» Data segment:
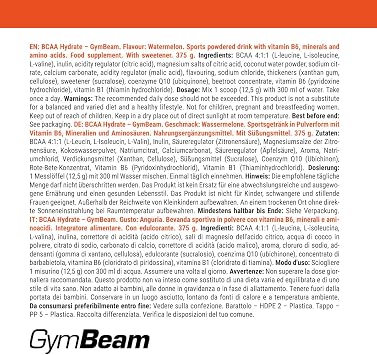 GymBeam BCAA Pulver - Aminosäuren Pulver mit BCAA Hydrate Elektrolyten & Vitamin B6 angereichert mit Kokosnusswasserpulver unterstützt Muskelfunktion & Energiestoffwechsel (375 g Wassermelone)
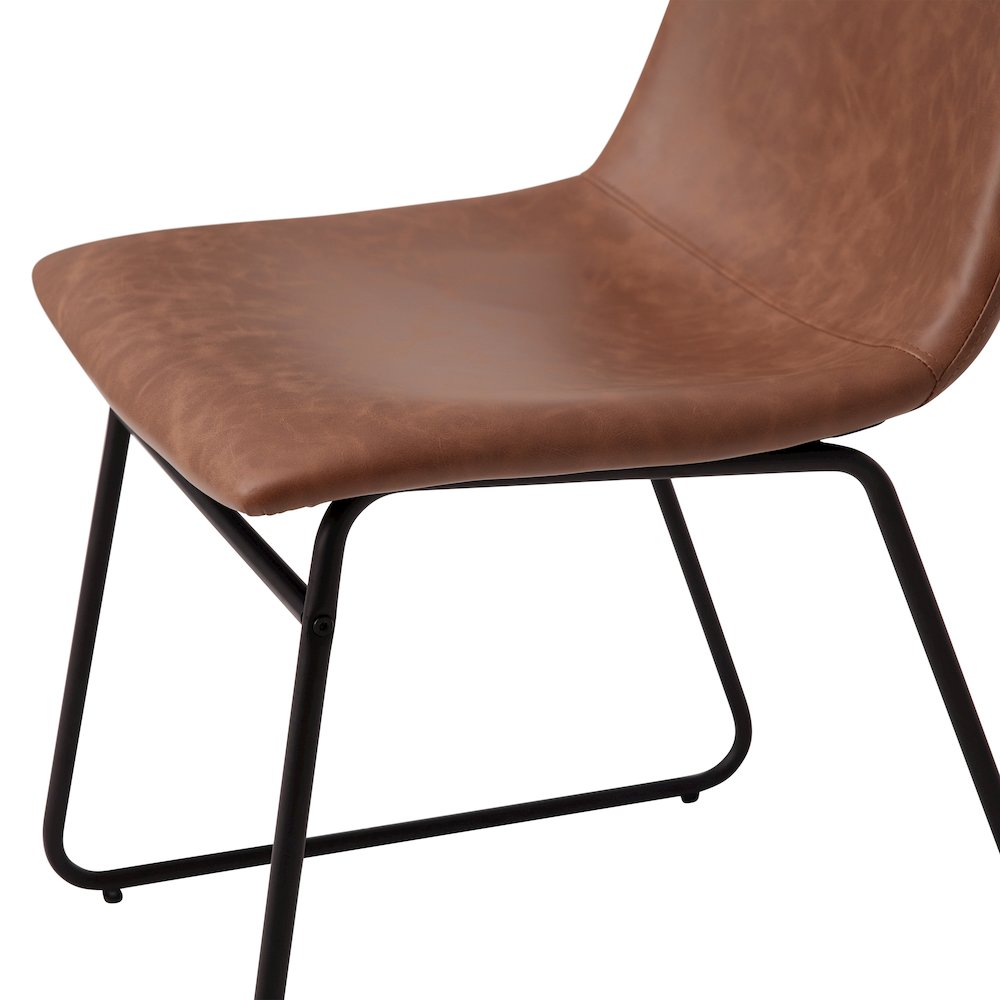 18 in Mid-Back Sled Base Dining Chair in Light Brown with Black Frame, Set of 2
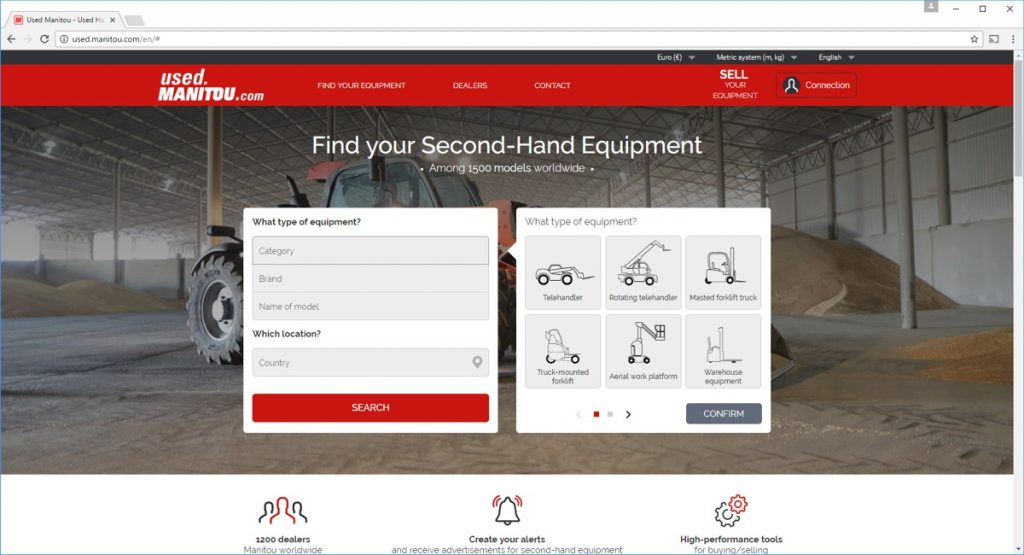 Manitou Used Website Screenshot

» Work item: Extract the full listing exactly, with the pictures left out.

» Written response:
 GymBeam BCAA Pulver - Aminosäuren Pulver mit BCAA Hydrate Elektrolyten & Vitamin B6 angereichert mit Kokosnusswasserpulver unterstützt Muskelfunktion & Energiestoffwechsel (375 g Wassermelone)
 18 in Mid-Back Sled Base Dining Chair in Light Brown with Black Frame, Set of 2
 Manitou Used Website Screenshot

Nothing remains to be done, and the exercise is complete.